United Nations sanctions imposed after the Kuwait invasion were meant to stay in place until the destruction of all of Iraq’s long-range missiles and chemical, nuclear and biological weapons programs. Saddam maintained the weapons programs were dismantled, and months of searching by U.S. weapons experts after the 2003 invasion failed to find any.
But President George W. Bush — whose father, President George H.W. Bush, had been the target of a Saddam assassination plot — threw Washington’s power behind the idea of toppling Saddam once and for all after the Sept. 11 terror attacks on the United States.
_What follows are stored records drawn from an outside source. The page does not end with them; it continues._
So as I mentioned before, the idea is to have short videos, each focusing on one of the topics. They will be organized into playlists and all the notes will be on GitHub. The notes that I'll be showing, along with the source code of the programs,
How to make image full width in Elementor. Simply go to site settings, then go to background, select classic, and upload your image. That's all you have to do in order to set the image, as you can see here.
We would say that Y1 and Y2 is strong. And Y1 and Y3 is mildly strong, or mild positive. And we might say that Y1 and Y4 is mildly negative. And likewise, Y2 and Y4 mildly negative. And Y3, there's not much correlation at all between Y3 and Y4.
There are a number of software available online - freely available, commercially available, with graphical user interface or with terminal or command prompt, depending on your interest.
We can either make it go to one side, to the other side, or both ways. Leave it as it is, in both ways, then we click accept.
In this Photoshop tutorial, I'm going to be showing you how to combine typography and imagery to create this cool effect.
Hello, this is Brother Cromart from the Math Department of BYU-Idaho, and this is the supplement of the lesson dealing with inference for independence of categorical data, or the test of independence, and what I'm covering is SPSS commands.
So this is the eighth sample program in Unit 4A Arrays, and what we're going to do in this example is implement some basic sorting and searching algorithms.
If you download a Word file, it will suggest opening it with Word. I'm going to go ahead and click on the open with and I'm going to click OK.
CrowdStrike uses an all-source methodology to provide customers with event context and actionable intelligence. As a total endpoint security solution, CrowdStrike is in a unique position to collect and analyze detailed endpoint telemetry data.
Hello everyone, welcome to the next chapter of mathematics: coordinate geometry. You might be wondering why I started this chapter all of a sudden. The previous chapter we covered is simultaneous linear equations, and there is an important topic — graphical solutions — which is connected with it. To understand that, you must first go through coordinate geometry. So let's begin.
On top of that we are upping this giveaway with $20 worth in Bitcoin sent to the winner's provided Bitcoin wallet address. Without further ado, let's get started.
Many Arab governments had quietly wished Saddam would go, and some went so far as to publicly call for him to step down to spare the region another war.
A hero to some
But to the Arab world, a weakened Saddam kept in check by the United States and Britain was preferable to an Iraq rid of Saddam by U.S. military forces. Many ordinary Arabs consider Saddam a hero for standing up to Washington, although others criticize his brutal reign.
In his personal life, Saddam trusted few people other than his sons, Qusai and Odai. They died together on July 22, 2003, in a four-hour gunbattle with U.S. soldiers at their hideout in the northern city of Mosul.
Saddam’s two oldest daughters, Raghad and Rana, fled to Jordan shortly after the start of the U.S.-led war. Their younger sister, Hala, is believed to be living with her mother, also outside Iraq.